I came to Comalcalco on a Tuesday, which turned out to be exactly the right day — the site was nearly empty, just a few school groups who had left by ten. The town itself is quiet in the way that Tabasco towns tend to be: humid, slow, smelling of damp earth and something sweetly fermented that I eventually tracked down to the cacao farms lining the road south of the centro. I had not planned to stay more than a day. I ended up staying three.

Bricks, Not Stone

The thing nobody tells you about Comalcalco is how strange it looks. Every other Maya site I have visited in Mexico was built from limestone, that pale grey stone that goes almost white in the midday sun. Here the pyramids are a deep terracotta red, constructed from hand-formed fired bricks — some of them, if you look closely enough, still bearing the fingerprints of the person who shaped them over a thousand years ago. The guide I hired at the entrance, a local man named don Aurelio who has worked the site for twenty-two years, pointed out a brick near the base of the Gran Acrópolis with three distinct finger marks pressed into it before firing. He said the workers signed their work. I have no idea if that is true, but I chose to believe it.

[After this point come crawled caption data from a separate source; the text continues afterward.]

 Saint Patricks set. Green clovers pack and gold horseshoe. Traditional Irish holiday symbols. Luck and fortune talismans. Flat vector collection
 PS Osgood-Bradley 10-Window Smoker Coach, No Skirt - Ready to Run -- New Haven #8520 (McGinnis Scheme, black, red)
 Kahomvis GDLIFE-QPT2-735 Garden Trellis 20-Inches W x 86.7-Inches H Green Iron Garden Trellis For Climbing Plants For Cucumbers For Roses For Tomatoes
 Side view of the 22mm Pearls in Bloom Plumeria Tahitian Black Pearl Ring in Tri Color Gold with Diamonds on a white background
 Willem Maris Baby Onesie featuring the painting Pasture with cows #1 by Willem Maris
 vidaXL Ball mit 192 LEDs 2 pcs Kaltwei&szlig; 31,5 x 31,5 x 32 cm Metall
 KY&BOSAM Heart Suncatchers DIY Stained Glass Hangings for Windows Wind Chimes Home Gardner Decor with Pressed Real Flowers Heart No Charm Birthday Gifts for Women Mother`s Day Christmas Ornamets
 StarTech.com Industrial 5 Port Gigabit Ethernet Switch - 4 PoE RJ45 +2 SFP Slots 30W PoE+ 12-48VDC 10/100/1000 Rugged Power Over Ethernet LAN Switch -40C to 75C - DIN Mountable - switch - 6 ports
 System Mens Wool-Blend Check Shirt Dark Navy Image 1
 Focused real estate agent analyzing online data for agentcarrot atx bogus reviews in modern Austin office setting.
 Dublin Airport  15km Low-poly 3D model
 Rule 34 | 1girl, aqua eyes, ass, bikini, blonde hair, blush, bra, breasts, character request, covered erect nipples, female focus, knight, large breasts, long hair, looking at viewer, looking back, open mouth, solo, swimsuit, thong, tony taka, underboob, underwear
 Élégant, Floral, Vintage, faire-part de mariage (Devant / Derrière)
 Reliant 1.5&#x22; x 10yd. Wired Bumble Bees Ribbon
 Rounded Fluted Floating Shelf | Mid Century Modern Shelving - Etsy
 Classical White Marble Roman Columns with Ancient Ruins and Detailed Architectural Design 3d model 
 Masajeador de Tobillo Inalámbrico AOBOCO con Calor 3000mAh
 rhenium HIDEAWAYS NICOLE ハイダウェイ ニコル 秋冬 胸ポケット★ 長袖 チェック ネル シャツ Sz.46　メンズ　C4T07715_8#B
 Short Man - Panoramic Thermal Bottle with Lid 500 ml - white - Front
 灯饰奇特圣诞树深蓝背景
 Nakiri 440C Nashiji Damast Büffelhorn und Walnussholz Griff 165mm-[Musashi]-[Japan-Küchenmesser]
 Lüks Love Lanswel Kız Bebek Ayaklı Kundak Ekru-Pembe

The structures are not as imposing as Palenque or Uxmal, but there is something intimate about them, something that the absence of crowds amplifies into something close to silence.

Terracotta brick structures of Comalcalco Maya ruins in Tabasco, Mexico

Cacao From Pod to Bar

The farms begin about three kilometers south of the ruins, and the best way to understand what is happening there is to book a tour at Hacienda La Luz, one of the more serious bean-to-bar operations in the region. The guide there — a young woman from the next town over who studies agriculture in Villahermosa on weekdays — broke open a fresh yellow pod with a machete and handed me the seeds inside, still coated in white pulp. They were sweet and faintly floral, tasting of lychee more than anything else, and nothing at all like chocolate. She explained the fermentation, the drying, the roasting, and the conching with the patience of someone who genuinely loves the subject. At the end she offered a tasting of four bars: a 70%, a 85%, a milk chocolate made with local honey, and a tablet flavored with chile amashito, a tiny fierce pepper native to Tabasco. I bought three bars and ate one before I reached the car.

Fresh cacao pods and seeds on a farm near Comalcalco, Tabasco

Where to Eat

Back in town, the Mercado Municipal on Calle 5 de Mayo has a handful of cocina económica stalls serving the Tabasco classics: pejelagarto — the armored freshwater fish — grilled and served with chaya leaves and tortillas, and puchero de tres carnes on Sunday mornings if you arrive before eleven. I ate dinner both evenings at a small fonda two blocks from the plaza whose name I never learned because it had no sign, only a hand-painted arrow on the wall pointing down a passageway. The pozol there, served cold in a clay cup, was the real article.

Traditional Tabasco market food stalls with local dishes in Comalcalco

Getting There

Comalcalco is about 60 kilometers northwest of Villahermosa. Shared vans — combis — leave from the second-class terminal on Avenida Ruiz Cortines in Villahermosa roughly every twenty minutes and take about an hour. The ruins are a short mototaxi ride from the town center. There is no real reason to rush.